This pan Canadian partnership brings together leading Canadian academics and non-governmental actors to contribute to strengthening access to justice for victims of international crimes. Co-led by Fannie Lafontaine (Laval University) and Jayne Stoyles (Canadian Centre for International Justice), it includes 24 team members and 12 partner organizations and is hosted by Laval. The partnership is funded by a 5-year grant from the Social Sciences and Humanities Research Council (SSHRC), and by significant financial and in-kind contributions from every partner organization. Explore the list of our team members and partner organizations.
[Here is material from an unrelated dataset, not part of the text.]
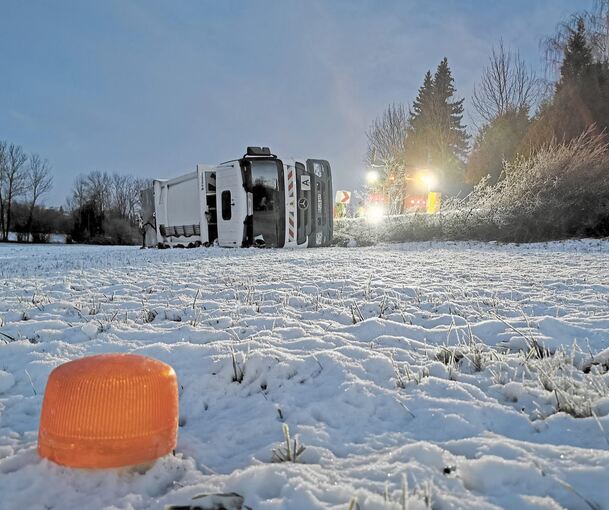Ein Mülllaster liegt umgekippt auf einem verschneiten Stück neben einer Straße bei Bretzfeld. Auf eisglatter Fahrbahn war der Lastwagen von der Straße gerutscht. Foto: Julian Buchner/dpa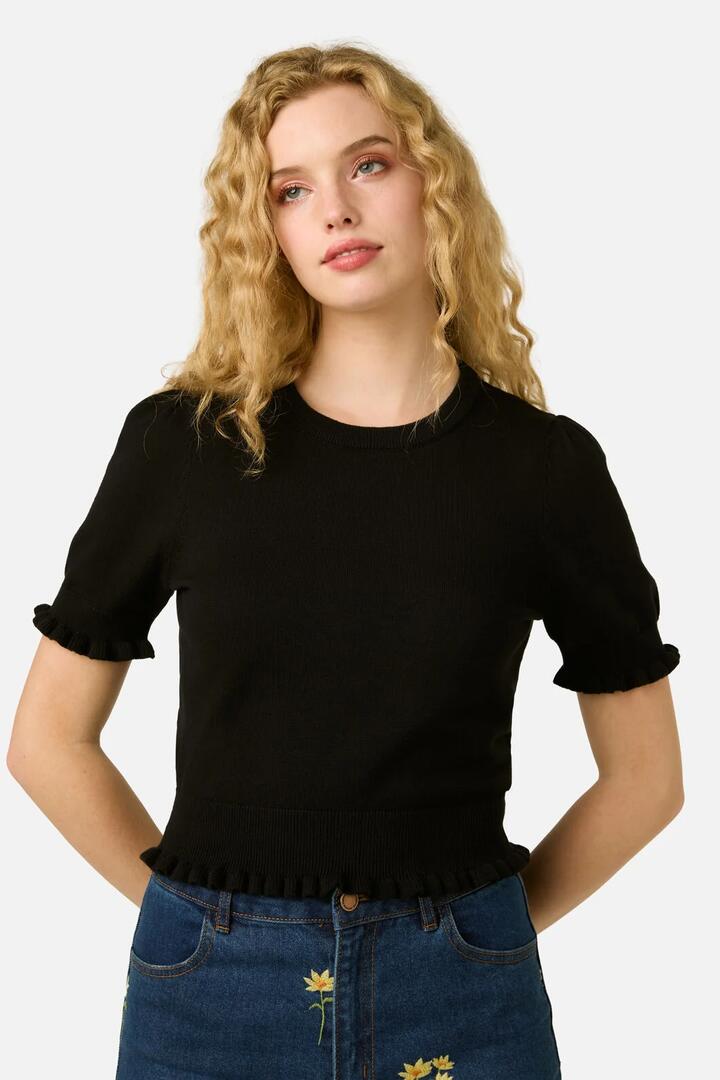 Image of a model wearing Tops. Product name - Zoe Ruffle Knit Top in Black colour by brand - Princess Highway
The project is designed to provide cutting-edge research and co-create knowledge about more effective ways to hold individuals, states and corporations accountable for serious international crimes; to create analytical, practical and policy-oriented tools to assist legal practitioners and policy-makers within Canada and globally and increase victims’ access to remedies; to strengthen communication and collaboration among leading Canadian scholars and practitioners; to produce a cohort of students who are educated, trained and networked in this field; and to train and educate diverse Canadian audiences about the history, challenges, pitfalls, potential and priorities for improvement of the system of international justice.
After a surge of enthusiasm in the 1990s for the idea that trying individuals for genocide, crimes against humanity and war crimes in courts of law could deter atrocities, its institutions and norms now face important challenges. This is in part the result of the normalization of international justice, but is also reflective of the effectiveness of those under scrutiny by the International Criminal Court (ICC) in spinning an undermining narrative, as well as missteps and lack of experience by the ICC itself. The consensus that the important goals of international justice remain highly relevant despite these challenges calls for the innovative approach this partnership creates, including a coordinated program of research and enhanced policy input from Canadian experts, which originally fueled the creation of the international justice system.
The project will contribute to the effectiveness of the global effort to hold accountable those responsible for the most serious international crimes, thereby helping to deter these atrocities and contributing to the healing process of victims. It will also enhance Canada’s role as a global leader in this field as the international justice system is being challenged from many quarters.